*** Opening of AVAILABLE DATA ***

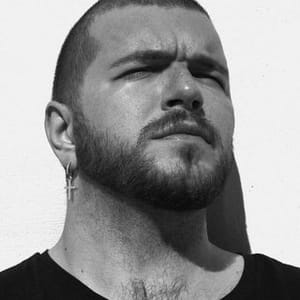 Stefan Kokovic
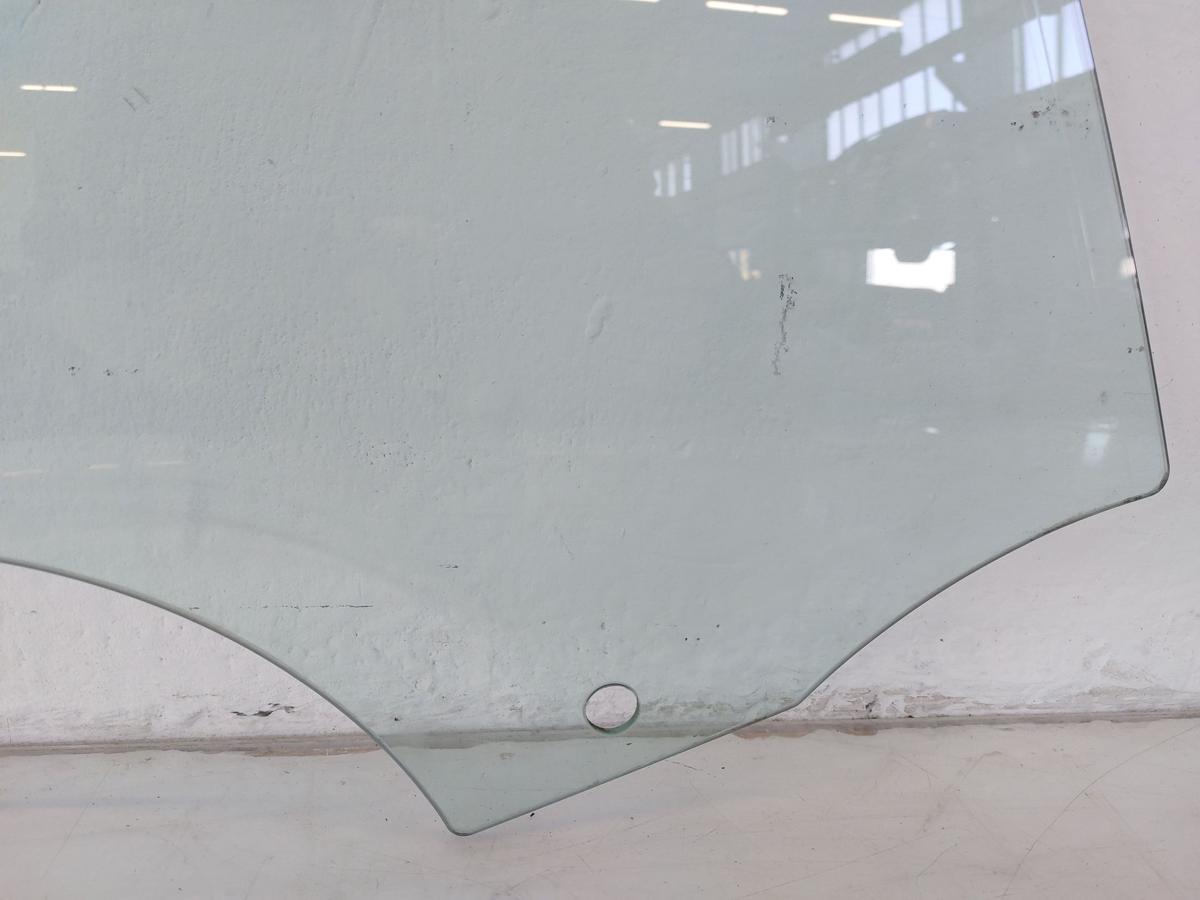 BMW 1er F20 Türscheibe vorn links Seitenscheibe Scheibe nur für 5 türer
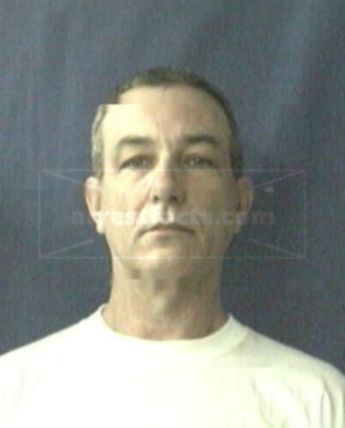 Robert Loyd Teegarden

*** Close of AVAILABLE DATA ***

PROBLEM TO WORK ON » It would help to have the listing above repeated exactly, with all images removed.

TASK ANSWER »
 Stefan Kokovic
 BMW 1er F20 Türscheibe vorn links Seitenscheibe Scheibe nur für 5 türer
 Robert Loyd Teegarden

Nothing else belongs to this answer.